**Task directions**: Set down again, exactly and only, the lines from the one that contains "Balos Teknik Kumaş Pantolon Bej" through the last line of the records below, both included, but not the pictures.

**Supplied material**:
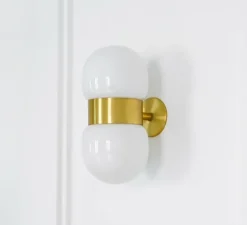 Applique murale, Nuvol double, laiton, verre opalin brillant, L10cm, H23cm - contain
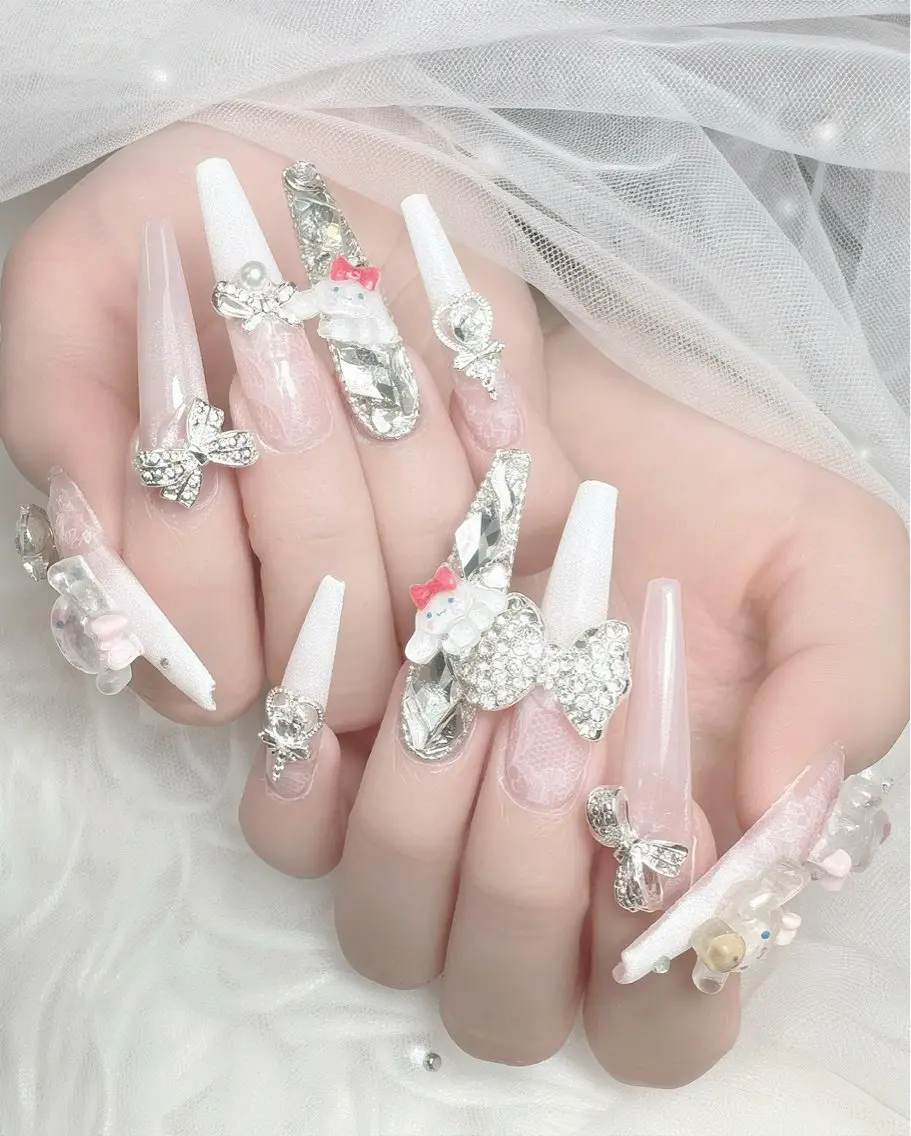ネイル レース リボン 春ネイル ワンホンネイル ハンドネイル ハンドケア Gote Kawa nail salonのネイルデザイン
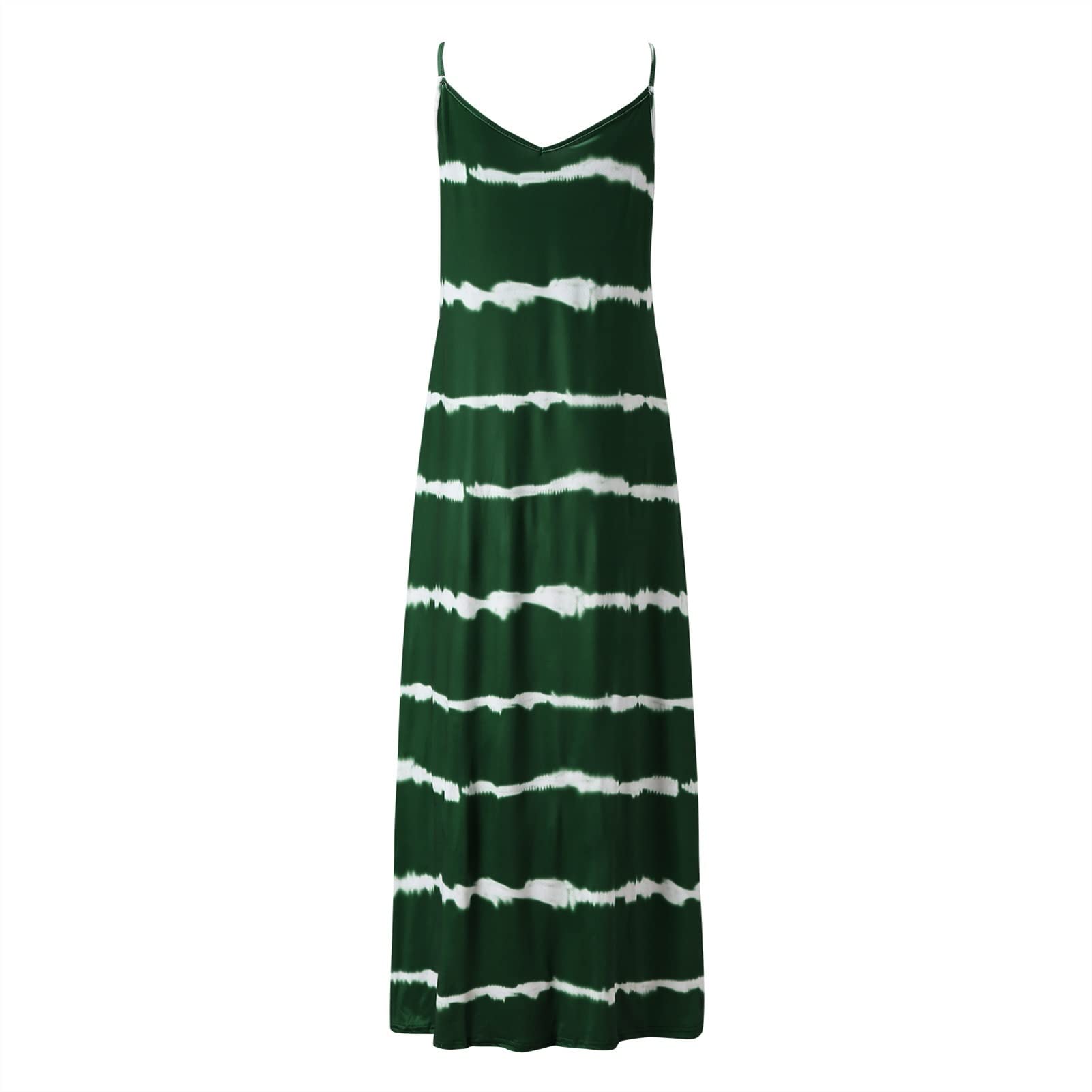 FANFENG Abito da Donna Abiti Senza Maniche A Righe con Scollo A V Abito Lungo da Spiaggia Casual Elegante Abito Lungo con Spalline Elasticizzate Abito Ampio (Color : Green, Size : L/Large)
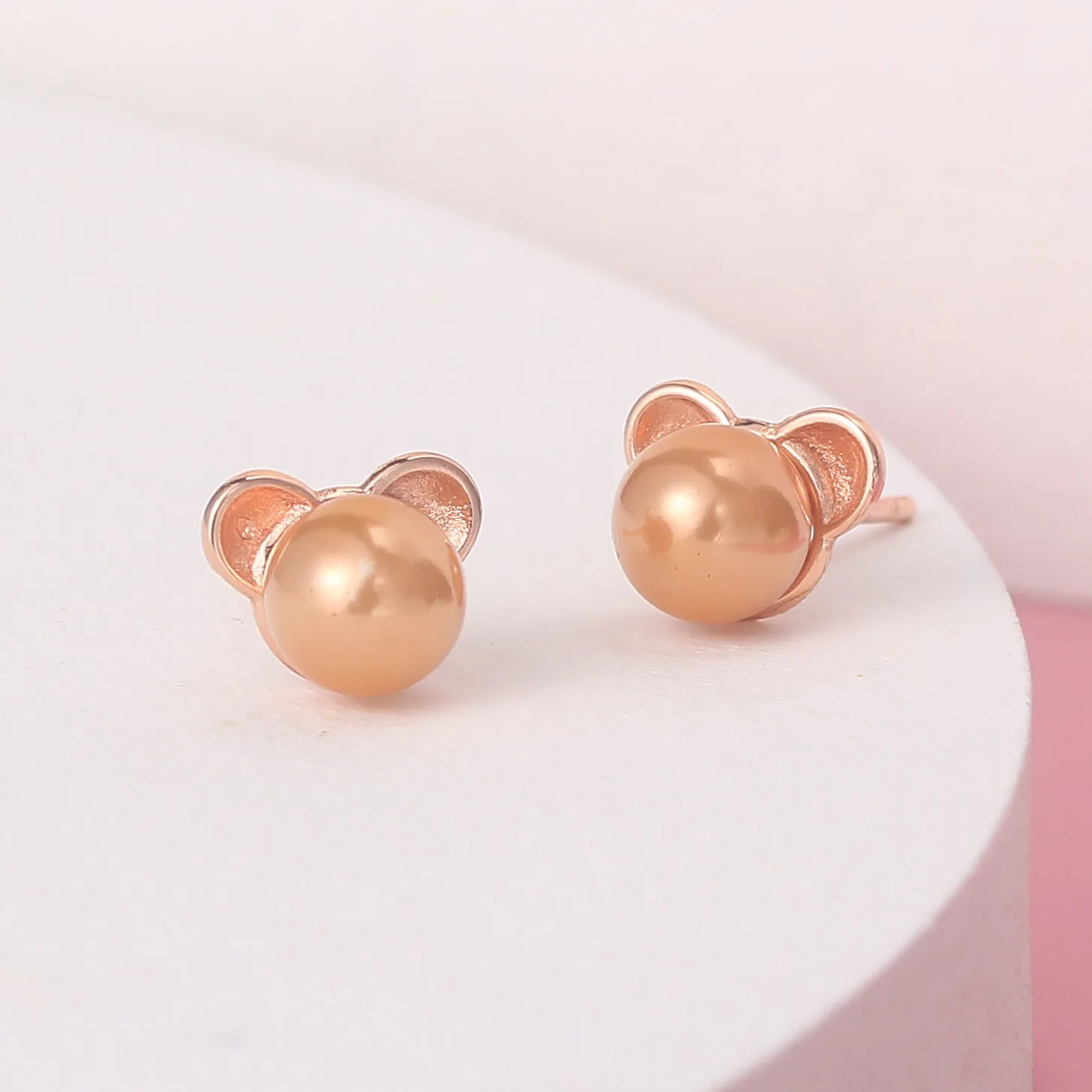 ZHOUYANG Little Bear Jewelry Sets For Women Girls New Cute Imitation Pearls Animal Necklace Earrings Gift Fashion Jewelry DZS001 image 3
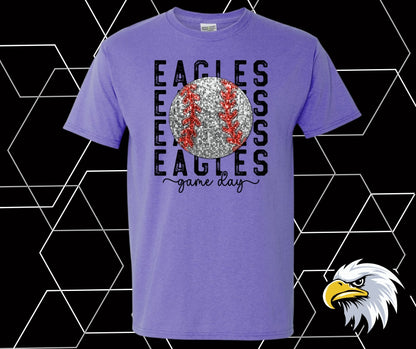 Eagles Faux Sequin Baseball Graphic Tee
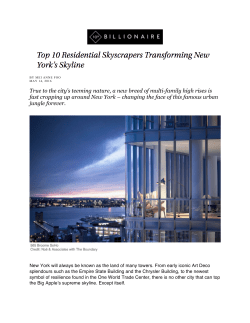 Top 10 Residential Skyscrapers Transforming New York`s Skyline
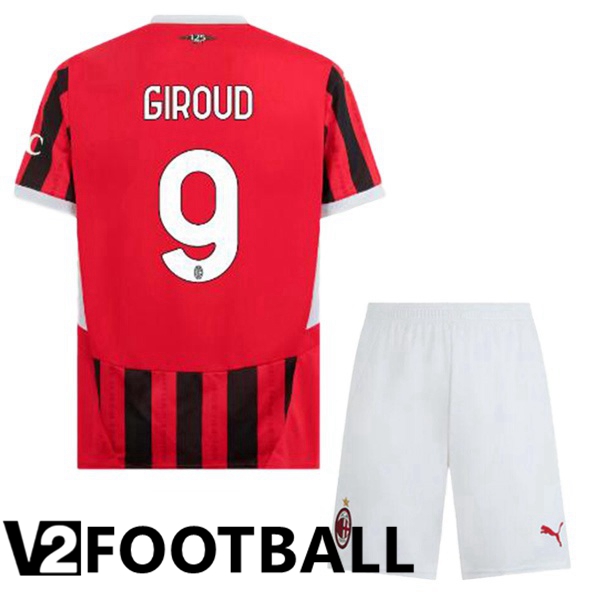 AC Milan (Giroud 9) Kids Home Soccer Shirt Red Black 2024/2025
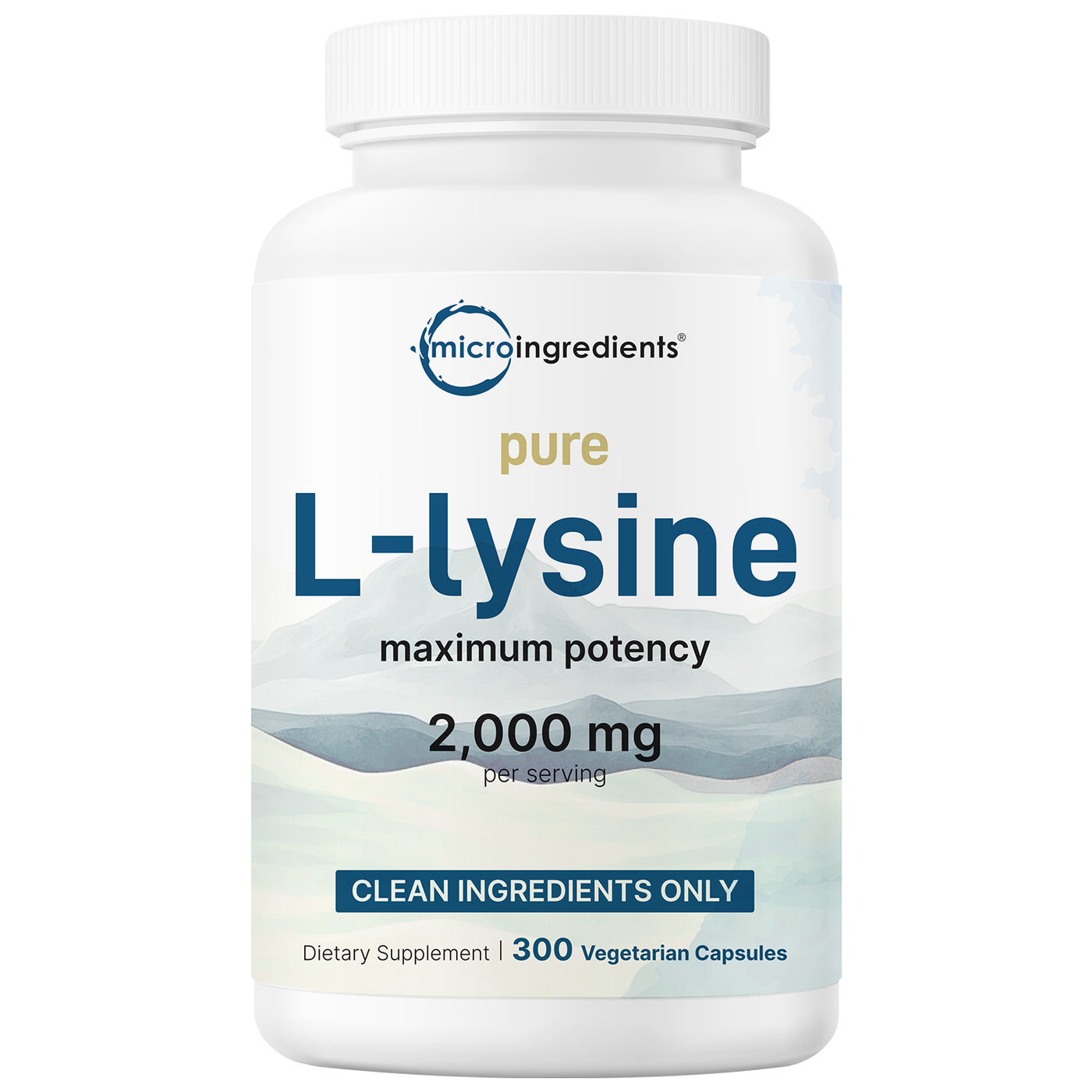 Micro Ingredients Pure L-Lysine 2,000mg, 300 Veggie Capsules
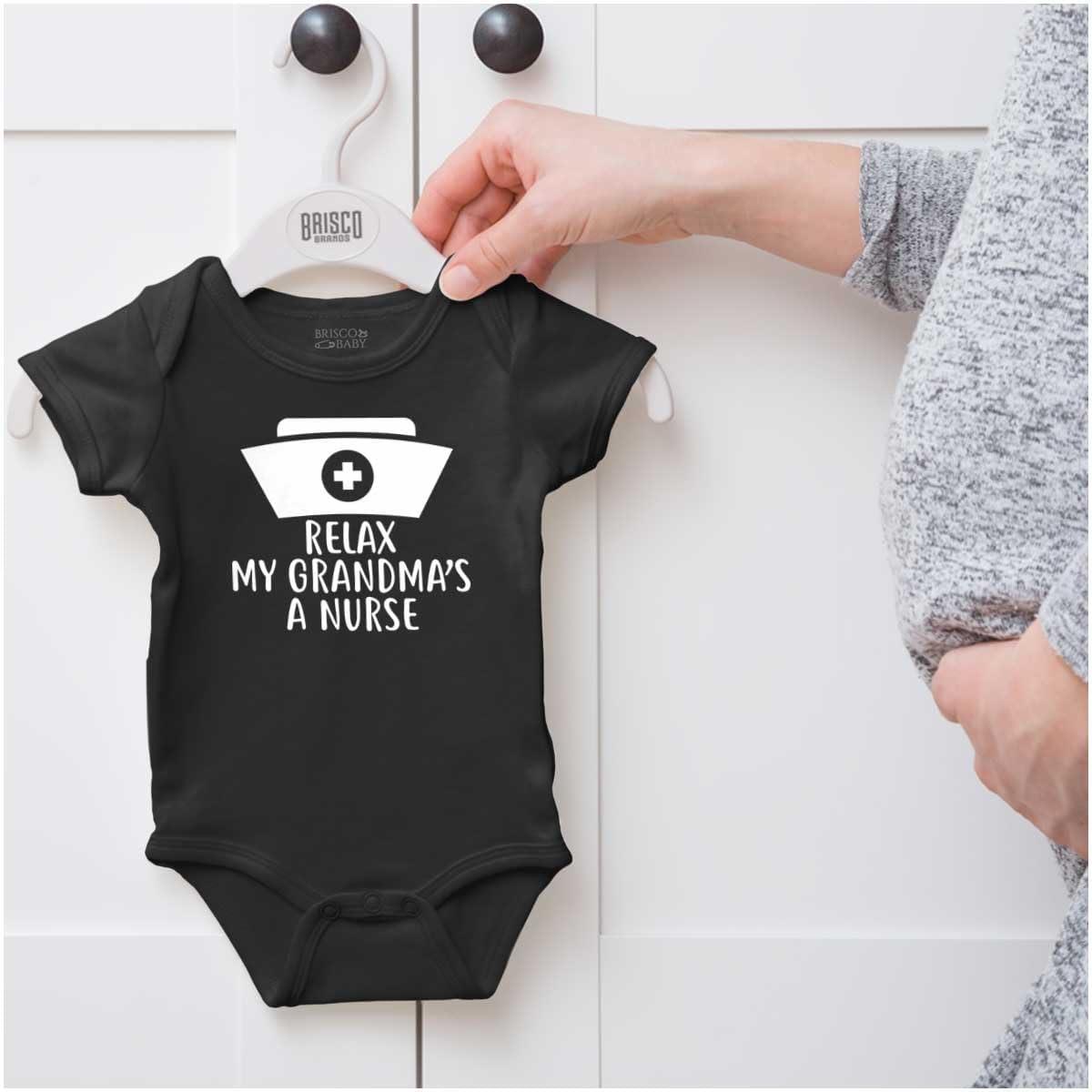 imageBrisco Brands Relax My Grandma Is A Nurse Essential Baby Romper Boys or GirlsBlack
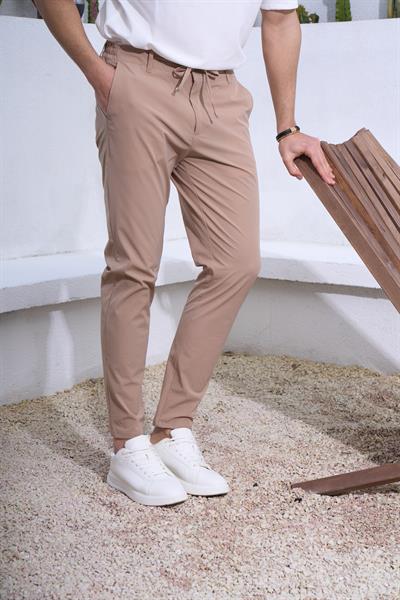 Balos Teknik Kumaş Pantolon Bej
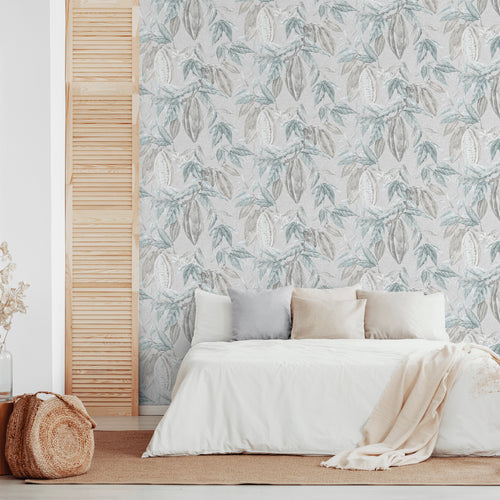 Sanders & Sanders behang bladeren vergrijsd blauw - 53 cm x 10 m - 640218 - vtwonen shop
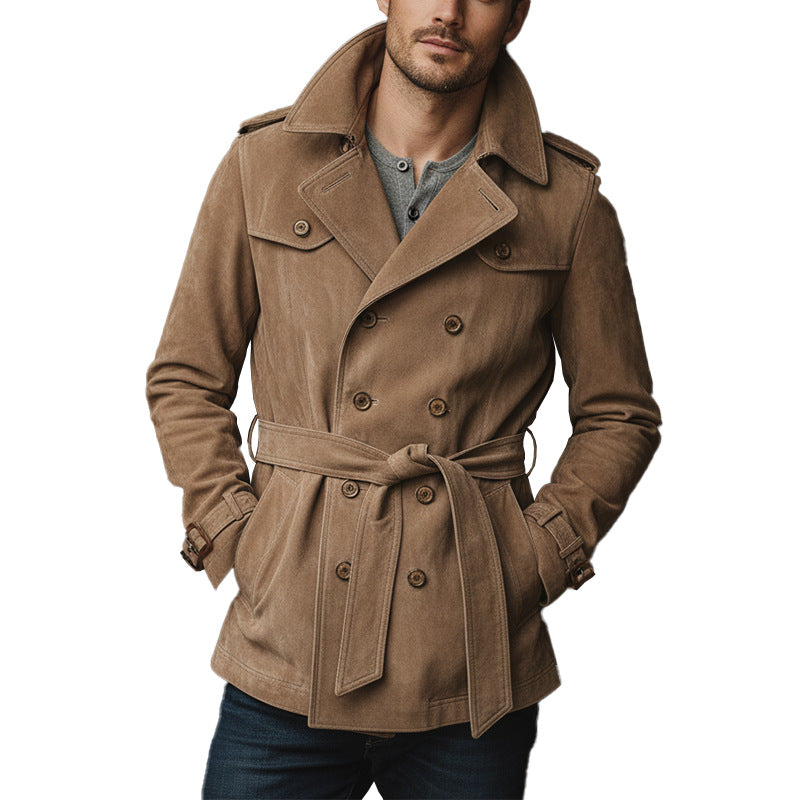 Herren elegante Wildlederjacke mit Gürtel und klassischem Schnitt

**Your response**:
 Balos Teknik Kumaş Pantolon Bej
 Sanders & Sanders behang bladeren vergrijsd blauw - 53 cm x 10 m - 640218 - vtwonen shop
 Herren elegante Wildlederjacke mit Gürtel und klassischem Schnitt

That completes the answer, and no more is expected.